-- Material provided follows --

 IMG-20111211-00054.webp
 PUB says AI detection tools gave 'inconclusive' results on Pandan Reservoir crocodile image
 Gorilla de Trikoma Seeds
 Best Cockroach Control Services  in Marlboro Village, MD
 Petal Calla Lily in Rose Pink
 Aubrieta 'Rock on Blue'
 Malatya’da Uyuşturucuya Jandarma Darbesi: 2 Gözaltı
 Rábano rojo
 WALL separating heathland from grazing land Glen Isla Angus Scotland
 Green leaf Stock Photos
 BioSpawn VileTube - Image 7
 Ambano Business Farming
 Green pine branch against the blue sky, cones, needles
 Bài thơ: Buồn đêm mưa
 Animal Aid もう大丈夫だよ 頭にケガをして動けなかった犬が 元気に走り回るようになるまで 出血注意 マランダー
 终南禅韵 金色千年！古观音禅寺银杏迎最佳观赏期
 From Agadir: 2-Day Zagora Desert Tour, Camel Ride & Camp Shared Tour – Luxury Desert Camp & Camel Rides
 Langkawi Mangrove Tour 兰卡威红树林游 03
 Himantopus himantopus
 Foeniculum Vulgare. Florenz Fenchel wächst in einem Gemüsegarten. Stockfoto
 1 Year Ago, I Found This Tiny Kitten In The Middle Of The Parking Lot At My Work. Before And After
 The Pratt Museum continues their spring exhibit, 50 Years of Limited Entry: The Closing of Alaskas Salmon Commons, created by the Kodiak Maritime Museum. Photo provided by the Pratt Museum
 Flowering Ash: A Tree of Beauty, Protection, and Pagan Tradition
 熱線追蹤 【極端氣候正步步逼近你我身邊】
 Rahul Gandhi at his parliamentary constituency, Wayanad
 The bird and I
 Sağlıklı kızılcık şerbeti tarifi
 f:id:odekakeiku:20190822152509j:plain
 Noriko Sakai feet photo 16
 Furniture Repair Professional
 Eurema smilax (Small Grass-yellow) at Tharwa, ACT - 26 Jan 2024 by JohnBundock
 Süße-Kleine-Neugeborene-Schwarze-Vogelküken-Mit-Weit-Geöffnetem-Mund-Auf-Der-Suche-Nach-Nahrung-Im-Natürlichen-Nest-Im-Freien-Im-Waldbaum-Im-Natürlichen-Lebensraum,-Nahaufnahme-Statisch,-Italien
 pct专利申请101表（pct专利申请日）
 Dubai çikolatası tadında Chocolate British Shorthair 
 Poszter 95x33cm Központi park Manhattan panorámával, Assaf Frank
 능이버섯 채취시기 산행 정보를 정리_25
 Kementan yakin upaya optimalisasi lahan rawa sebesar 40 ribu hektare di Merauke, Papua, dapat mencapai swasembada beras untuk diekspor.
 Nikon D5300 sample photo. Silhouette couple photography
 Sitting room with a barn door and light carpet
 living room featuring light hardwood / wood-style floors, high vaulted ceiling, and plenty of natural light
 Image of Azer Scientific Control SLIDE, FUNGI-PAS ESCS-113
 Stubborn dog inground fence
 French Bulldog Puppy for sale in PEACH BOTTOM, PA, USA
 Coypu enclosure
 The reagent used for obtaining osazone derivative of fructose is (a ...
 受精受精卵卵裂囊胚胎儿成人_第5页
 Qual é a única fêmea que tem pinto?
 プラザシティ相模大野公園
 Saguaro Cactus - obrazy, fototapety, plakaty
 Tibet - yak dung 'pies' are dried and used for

-- Material provided concluded --

• _Exercise aim_
The word "Control" appears on some lines of the data above; count those lines and give only the total.

• _Reply_
2